* Provided records *

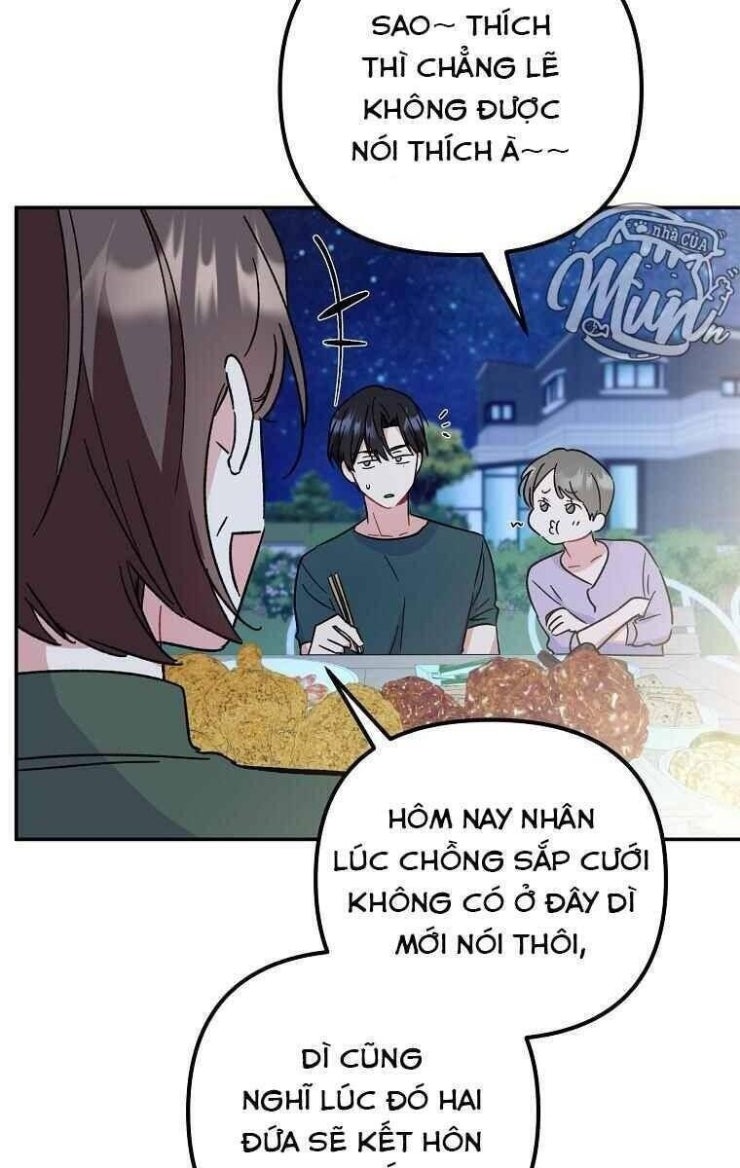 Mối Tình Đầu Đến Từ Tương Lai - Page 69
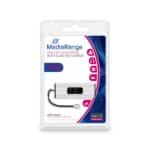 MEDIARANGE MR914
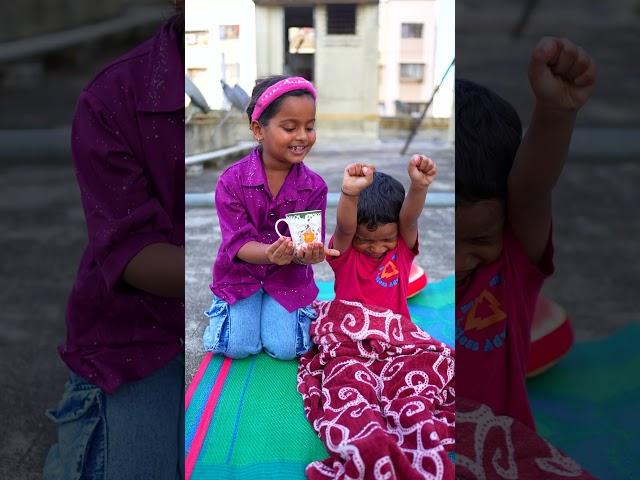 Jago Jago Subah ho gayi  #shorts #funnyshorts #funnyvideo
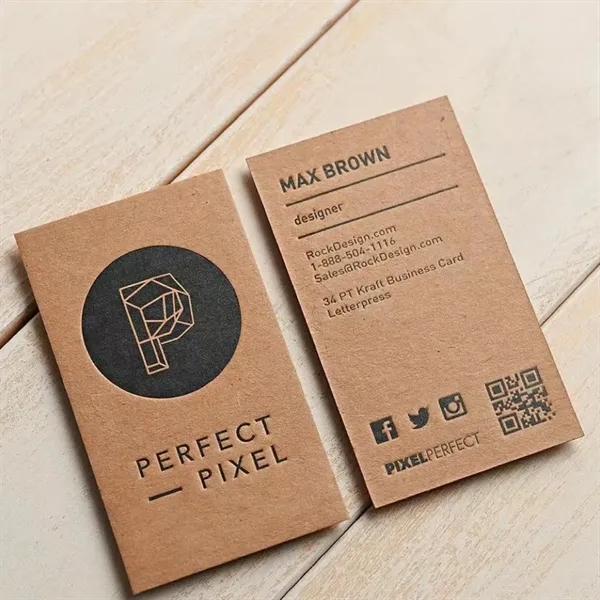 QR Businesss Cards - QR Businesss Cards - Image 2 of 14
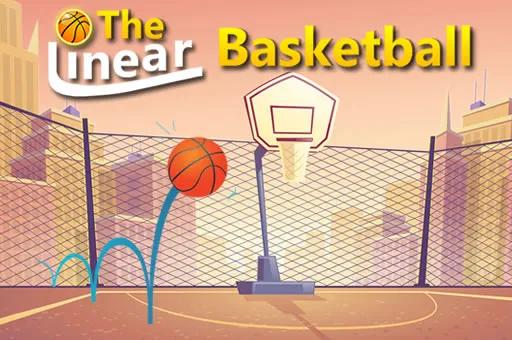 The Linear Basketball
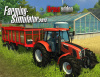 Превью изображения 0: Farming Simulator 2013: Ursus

* Work request *
The entries above are to be reproduced exactly, with the pictures dropped.

* Written response *
 Mối Tình Đầu Đến Từ Tương Lai - Page 69
 MEDIARANGE MR914
 Jago Jago Subah ho gayi  #shorts #funnyshorts #funnyvideo
 QR Businesss Cards - QR Businesss Cards - Image 2 of 14
 The Linear Basketball
 Превью изображения 0: Farming Simulator 2013: Ursus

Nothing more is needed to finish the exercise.